Depicted as ponderous, and perhaps even melancholy, the most immediate feature of the piece is its intriguing resemblance to Auguste Rodin’s celebrated sculpture the Thinker. However, Rodin’s first conception of The Thinker was not until 1880, 46 years after Feuchère’s piece was exhibited at the Paris Salon in 1834. It is therefore considered a precursor, and casts a refreshing context over The Thinker, a statue so prominent in popular culture. The resemblance was highlighted in the 1980 exhibition The Romantics to Rodin: French Nineteenth-Century Sculpture from North American Collections in 1980, which used Feuchère as the cover illustration and Rodin’s Thinker upon the back.
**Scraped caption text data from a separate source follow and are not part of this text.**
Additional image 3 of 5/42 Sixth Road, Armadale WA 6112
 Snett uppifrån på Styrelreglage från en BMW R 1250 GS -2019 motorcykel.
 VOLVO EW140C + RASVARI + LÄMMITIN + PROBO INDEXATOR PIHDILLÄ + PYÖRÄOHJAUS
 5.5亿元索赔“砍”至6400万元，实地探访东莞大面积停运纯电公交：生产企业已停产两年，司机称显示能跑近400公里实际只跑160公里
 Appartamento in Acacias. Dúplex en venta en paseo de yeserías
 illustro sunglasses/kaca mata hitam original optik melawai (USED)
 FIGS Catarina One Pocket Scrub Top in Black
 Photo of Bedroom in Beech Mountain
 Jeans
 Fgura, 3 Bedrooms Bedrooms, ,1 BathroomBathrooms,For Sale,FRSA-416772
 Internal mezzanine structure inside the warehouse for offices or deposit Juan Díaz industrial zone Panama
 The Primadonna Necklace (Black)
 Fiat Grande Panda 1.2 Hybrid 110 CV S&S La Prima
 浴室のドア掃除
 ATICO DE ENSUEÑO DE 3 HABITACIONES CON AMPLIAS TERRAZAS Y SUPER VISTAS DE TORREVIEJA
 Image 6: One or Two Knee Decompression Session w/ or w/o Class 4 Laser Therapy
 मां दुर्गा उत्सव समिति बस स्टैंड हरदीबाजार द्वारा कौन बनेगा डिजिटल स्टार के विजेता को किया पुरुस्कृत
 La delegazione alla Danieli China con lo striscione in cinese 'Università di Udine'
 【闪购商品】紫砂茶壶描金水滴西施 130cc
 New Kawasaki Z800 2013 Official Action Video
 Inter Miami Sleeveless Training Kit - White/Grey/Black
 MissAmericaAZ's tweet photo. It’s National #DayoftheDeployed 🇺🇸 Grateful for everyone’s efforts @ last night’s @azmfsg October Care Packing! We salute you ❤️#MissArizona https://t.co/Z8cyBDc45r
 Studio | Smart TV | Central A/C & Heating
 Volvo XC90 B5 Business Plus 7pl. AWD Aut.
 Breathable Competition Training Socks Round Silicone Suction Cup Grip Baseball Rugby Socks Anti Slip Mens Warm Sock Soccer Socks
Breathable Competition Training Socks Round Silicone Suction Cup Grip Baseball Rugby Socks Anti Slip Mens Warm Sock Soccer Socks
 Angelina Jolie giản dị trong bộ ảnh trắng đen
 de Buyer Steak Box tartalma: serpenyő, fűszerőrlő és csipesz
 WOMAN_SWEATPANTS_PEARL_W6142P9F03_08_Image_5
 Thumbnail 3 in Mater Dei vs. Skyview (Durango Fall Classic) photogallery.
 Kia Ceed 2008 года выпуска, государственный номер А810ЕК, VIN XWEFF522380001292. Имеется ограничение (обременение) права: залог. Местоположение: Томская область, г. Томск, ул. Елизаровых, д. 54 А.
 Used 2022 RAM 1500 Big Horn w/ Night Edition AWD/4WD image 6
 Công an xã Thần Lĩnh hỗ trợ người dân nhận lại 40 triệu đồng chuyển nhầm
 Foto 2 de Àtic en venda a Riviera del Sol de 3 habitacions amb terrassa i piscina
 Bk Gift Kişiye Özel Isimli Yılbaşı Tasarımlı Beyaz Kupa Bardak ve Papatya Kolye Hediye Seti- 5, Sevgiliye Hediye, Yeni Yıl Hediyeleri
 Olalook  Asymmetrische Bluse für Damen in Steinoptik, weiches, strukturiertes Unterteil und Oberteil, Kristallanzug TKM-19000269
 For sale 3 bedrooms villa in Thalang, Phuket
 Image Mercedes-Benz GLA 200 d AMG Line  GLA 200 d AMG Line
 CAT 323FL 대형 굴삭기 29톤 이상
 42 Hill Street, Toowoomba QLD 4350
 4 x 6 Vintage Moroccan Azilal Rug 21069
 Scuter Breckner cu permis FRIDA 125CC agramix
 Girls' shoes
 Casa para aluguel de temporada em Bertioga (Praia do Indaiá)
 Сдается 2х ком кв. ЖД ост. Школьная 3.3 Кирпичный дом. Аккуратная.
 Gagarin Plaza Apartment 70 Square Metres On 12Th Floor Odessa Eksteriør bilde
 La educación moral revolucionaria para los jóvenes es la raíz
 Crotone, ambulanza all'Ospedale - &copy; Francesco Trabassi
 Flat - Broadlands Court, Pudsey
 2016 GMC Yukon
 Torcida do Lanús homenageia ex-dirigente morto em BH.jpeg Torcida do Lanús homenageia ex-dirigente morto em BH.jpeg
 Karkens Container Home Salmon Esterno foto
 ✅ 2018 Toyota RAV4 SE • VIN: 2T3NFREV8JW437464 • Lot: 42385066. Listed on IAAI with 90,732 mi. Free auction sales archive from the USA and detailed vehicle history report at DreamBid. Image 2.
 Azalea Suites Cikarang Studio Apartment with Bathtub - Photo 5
Drawing by Freddie Davies on the left, on the right, the bronze of Satan/Mephistopheles, by Jean-Jacques Feuchère
The sculpture also bears the name Mephistopheles, who was originally a demon in German folklore. He is the demon who accepts the wager of Faust’s soul in return for an abundance of knowledge and power. Evidently the harvest of souls is not as fulfilling as it could be, and the sculpture renders him as dissatisfied with his lot as Faust himself. Once again this identifies him as a rather human character, particularly with this notion of longing and unfulfillment. Mark Antokolsky, the Russian sculptor, rendered his own interpretation of Mephistopheles in 1884, in a similar seated, pensive position, but without the demonic wings, horns and spines. Starkly different to Feuchère’s dark, rich bronze, Antokolsky utilizes a pure white marble in a kind of neoclassical style, immediately likening the demon to the famously Greek pantheon of gods. Satan, always a hit with the crowds, was a popular theme for the imagination of artists in the 19th century, influenced by the common inspirations of Goethe and Dante. Perhaps the romantics were smitten with sympathy for the demon and his association with the pitfalls of passion and emotion, rather than the tiresome virtues of reason asserted by the Enlightenment.
Lord Jeffrey Archer donated the piece – 80cm high – in 2016, in a move to reduce his tax bill by the hefty sum of approximately £48,000. Perhaps Satan broods at the realisation that he is no longer revered and dreaded as the king of hell, but has become no more than a welcome tax break for the English aristocracy.